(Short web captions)
○ ○ ○ ○ ○
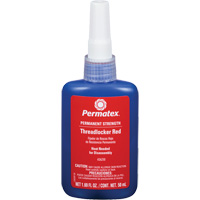 Adh&eacute;sif frein-filet, Rouge, &eacute;lev&eacute;, 50 ml, Bouteille Waymarc Industries Inc
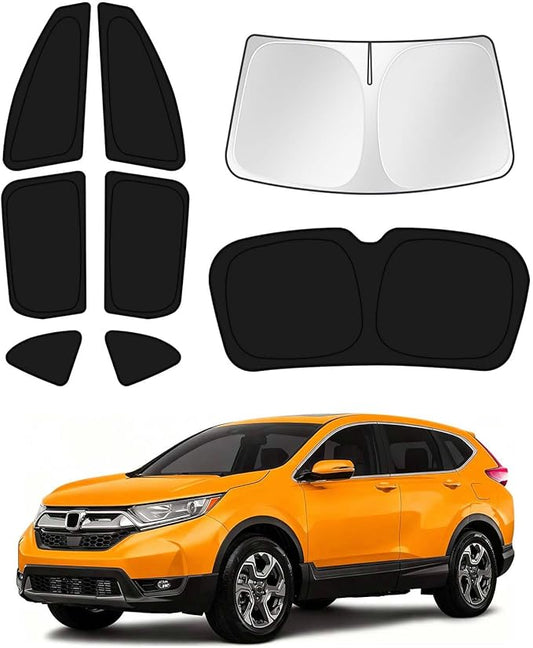 T TGBROS Windshield Sun Shade for Honda CR-V 2017 2018 2019 2020 2021 2022 Car Window Shades Thicken UV Block and Blackout Privacy Foldable Sunshades 8PCS Accessories Keep Cool Sun Visor Covers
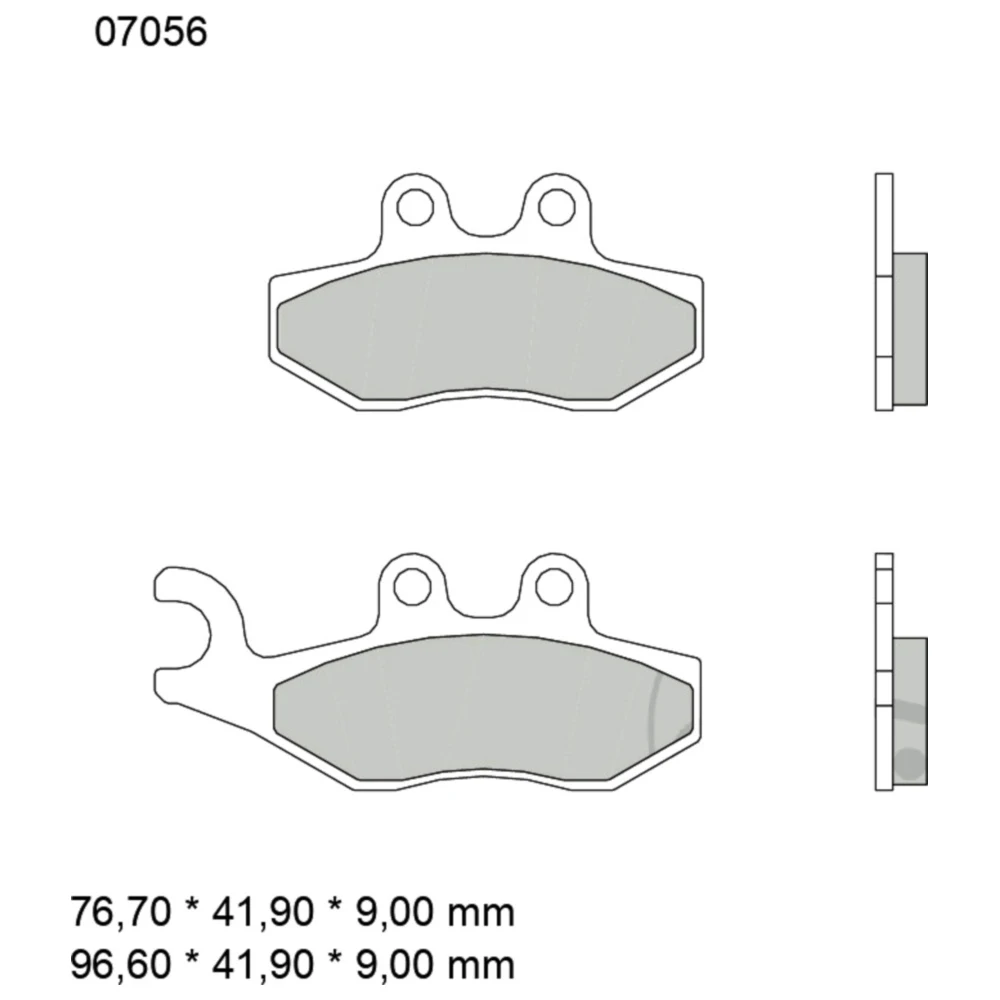 Bremsklotz CC Scooter Brembo Alternative: 7320823 passend für:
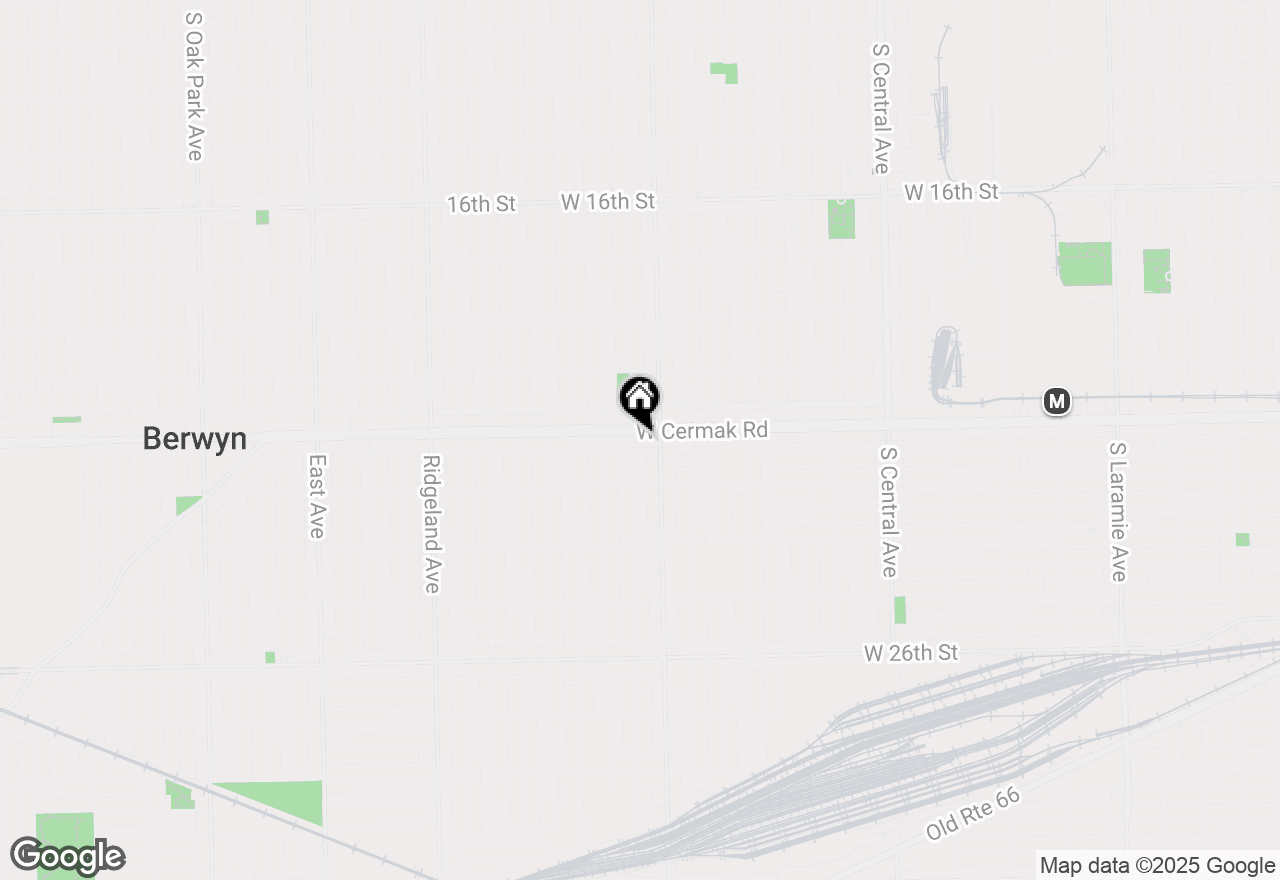 Map of 6011 W Cermak Road, Cicero, IL 60804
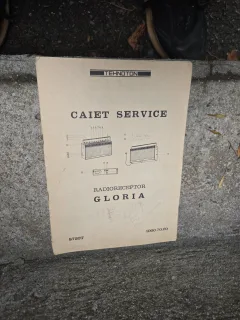 Caiet Service Radio receptor Gloria S720T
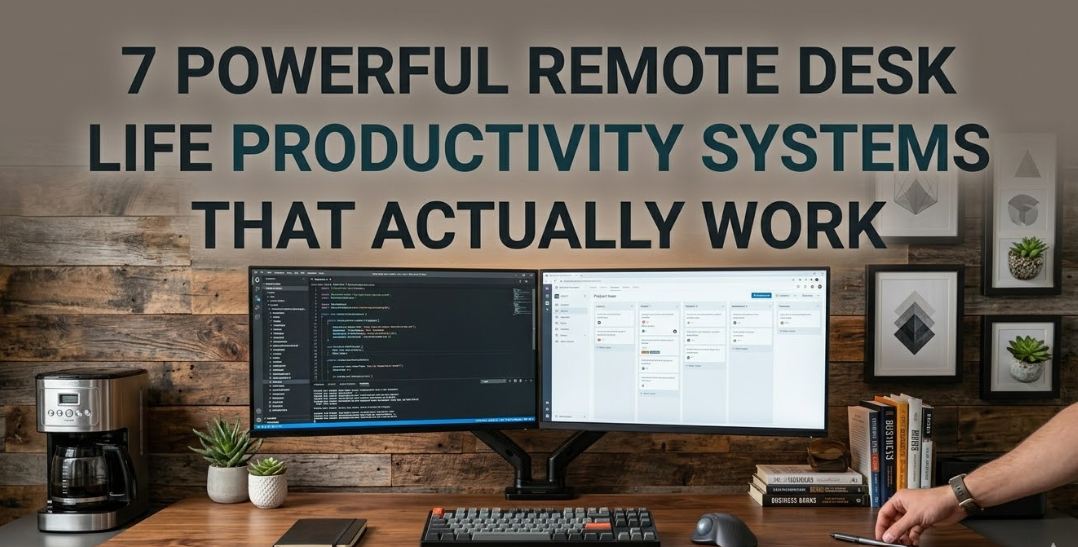 7 Powerful Remote Desk Life Productivity Systems That Actually Work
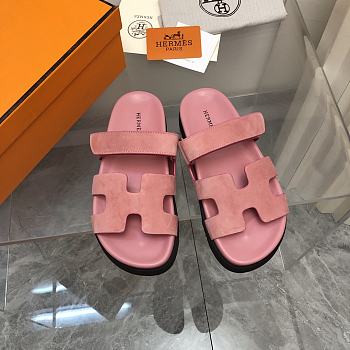 Sandals Hermès Chypre Pink Size 35-45cm
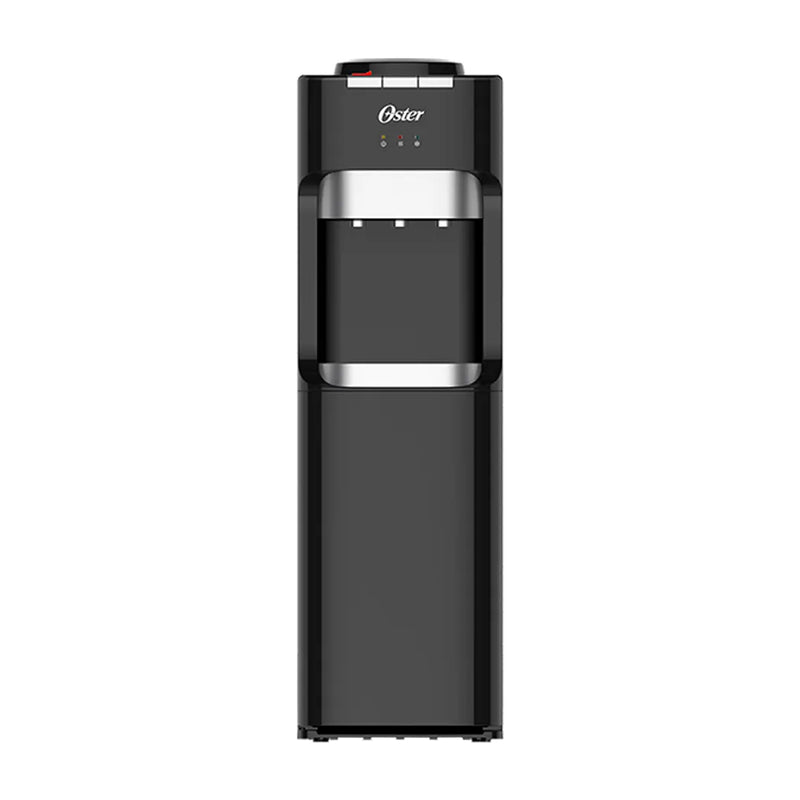 Oster OSWD2100 Dispensador de Fría/Caliente/Ambiente | Compartimiento de Almacenaje | Garrafones de 11L y 19L | Negro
○ ○ ○ ○ ○
- **About this task**
Which lines run from the one containing "Map of 6011 W Cermak Road, Cicero, IL 60804" to the end of the data above? Set down those lines exactly, and only those, without any pictures.

- **Response area**
 Map of 6011 W Cermak Road, Cicero, IL 60804
 Caiet Service Radio receptor Gloria S720T
 7 Powerful Remote Desk Life Productivity Systems That Actually Work
 Sandals Hermès Chypre Pink Size 35-45cm
 Oster OSWD2100 Dispensador de Fría/Caliente/Ambiente | Compartimiento de Almacenaje | Garrafones de 11L y 19L | Negro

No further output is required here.